May 28 '23 11:05 digiwombat

Okay, added most of the checklist stuff. Streaming requests return the extra values along with the last token when the generation is done. It's all pretty small potatoes for data use, but I think that hits a nice middle ground since things aren't apt to change in flight. Streaming requests also return the full generated text on the last token so people can do whatever they want with that. Code is simple enough that people could switch it to send on every token.

Somehow the as_loop setting got removed somewhere in there, so I added that back in to fix up streaming requests. Also, I noticed this last night, but the output never seems to stop now. It generates a reasonable reply and then usually goes into spitting out Greek or Cyrillic. Not sure if that's just the generation settings being set via simple-proxy or something else. I'd love to know if anyone can test that for me.

I think I covered everything except the truncation stuff. I'd need some advice on how to handle that since I'm not sure where it's being captured, if at all or what we'd want to capture. Still, currently builds and runs so other than the overrun its running fine.

May 28 '23 13:05 digiwombat

Also, I noticed this last night, but the output never seems to stop now. It generates a reasonable reply and then usually goes into spitting out Greek or Cyrillic.

I haven't tested it much but it seems to stop when using a stopword or token limit.

May 28 '23 14:05 SlyEcho

@SlyEcho

[x] La semilla RNG debe ser un parámetro JSON, no un argumento CLI del servidor, si no está configurado, la misma lógica.

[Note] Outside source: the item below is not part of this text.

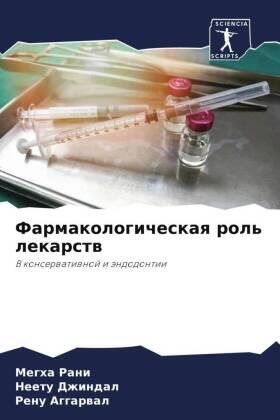 Rani / Dzhindal / Aggarwal |  Farmakologicheskaq rol' lekarstw | Buch |  Sack Fachmedien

I had considered that before, but upon reviewing it, I realized that the seed parameter is referenced only when loading the model, not when it starts generating tokens. Perhaps I didn't analyze the sampling code properly.

struct llama_context * llama_init_from_gpt_params(const gpt_params & params) {
    auto lparams = llama_context_default_params();

    lparams.n_ctx        = params.n_ctx;
    lparams.n_gpu_layers = params.n_gpu_layers;
    lparams.seed         = params.seed; // The seed parameter is necessary when loading the model.
    lparams.f16_kv       = params.memory_f16;
    lparams.use_mmap     = params.use_mmap;
    lparams.use_mlock    = params.use_mlock;
    lparams.logits_all   = params.perplexity;
    lparams.embedding    = params.embedding;

    llama_context * lctx = llama_init_from_file(params.model.c_str(), lparams);

May 28 '23 17:05 FSSRepo

A "ignore_eos" parameter for the completion endpoint would be cool similar to this one: https://github.com/ggerganov/llama.cpp/blob/d2c59b8ba498ab01e65203dde6fe95236d20f6e7/examples/common.cpp#L301-L302

Trying to make the AI send a multibyte characters like an emoji just ends up in a error with status 500, there's no error message nor anything printed in the server.

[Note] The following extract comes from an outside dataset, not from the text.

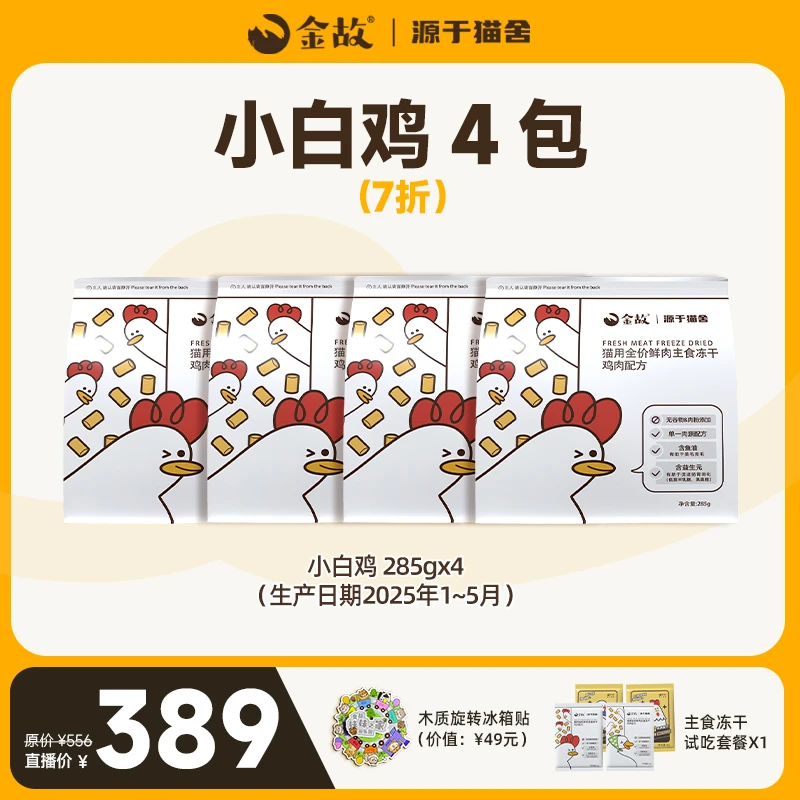 【7.27】金故小白鸡囤货套餐4包全价鲜肉主食冻干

I have seen code like this in llama-cpp-python to handle these but I don't understand it well: https://github.com/abetlen/llama-cpp-python/blob/main/llama_cpp/llama.py#L757-L768

May 28 '23 17:05 anon998

Intente que la IA envíe caracteres de varios bytes como un emoji acaba en un error con el estado 500, no hay ningún mensaje de error ni nada impreso en el servidor.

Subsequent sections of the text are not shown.